EXERCISE DESCRIPTION:
Search the records below for the line containing "Apartamentos Neuchatel". Write out that line and every line after it exactly as written.

─── THE RECORDS ───

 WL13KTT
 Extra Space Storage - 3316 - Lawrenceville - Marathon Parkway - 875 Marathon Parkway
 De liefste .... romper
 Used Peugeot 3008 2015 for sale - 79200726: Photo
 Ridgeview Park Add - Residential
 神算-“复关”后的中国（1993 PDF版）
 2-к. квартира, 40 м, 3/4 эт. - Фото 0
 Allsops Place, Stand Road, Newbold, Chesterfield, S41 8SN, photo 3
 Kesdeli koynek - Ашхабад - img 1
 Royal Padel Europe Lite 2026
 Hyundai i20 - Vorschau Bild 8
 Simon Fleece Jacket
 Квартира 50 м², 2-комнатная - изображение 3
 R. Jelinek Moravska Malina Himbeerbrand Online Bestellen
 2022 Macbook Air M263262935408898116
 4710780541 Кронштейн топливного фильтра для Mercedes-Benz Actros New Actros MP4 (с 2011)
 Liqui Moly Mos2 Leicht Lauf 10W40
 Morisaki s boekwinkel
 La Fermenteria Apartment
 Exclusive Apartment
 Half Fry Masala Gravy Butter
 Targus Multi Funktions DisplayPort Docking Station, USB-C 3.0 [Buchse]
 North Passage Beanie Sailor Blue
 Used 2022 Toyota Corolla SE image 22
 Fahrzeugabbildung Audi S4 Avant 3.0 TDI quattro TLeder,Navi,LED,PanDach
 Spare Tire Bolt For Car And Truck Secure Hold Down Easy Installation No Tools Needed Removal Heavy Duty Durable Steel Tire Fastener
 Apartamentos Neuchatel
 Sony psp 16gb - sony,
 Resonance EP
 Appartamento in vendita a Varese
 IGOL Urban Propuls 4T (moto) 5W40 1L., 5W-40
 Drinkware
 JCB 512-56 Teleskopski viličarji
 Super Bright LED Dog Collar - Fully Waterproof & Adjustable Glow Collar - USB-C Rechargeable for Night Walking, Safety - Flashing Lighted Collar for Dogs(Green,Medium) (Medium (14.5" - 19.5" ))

───

YOUR RESPONSE:
 Apartamentos Neuchatel
 Sony psp 16gb - sony,
 Resonance EP
 Appartamento in vendita a Varese
 IGOL Urban Propuls 4T (moto) 5W40 1L., 5W-40
 Drinkware
 JCB 512-56 Teleskopski viličarji
 Super Bright LED Dog Collar - Fully Waterproof & Adjustable Glow Collar - USB-C Rechargeable for Night Walking, Safety - Flashing Lighted Collar for Dogs(Green,Medium) (Medium (14.5" - 19.5" ))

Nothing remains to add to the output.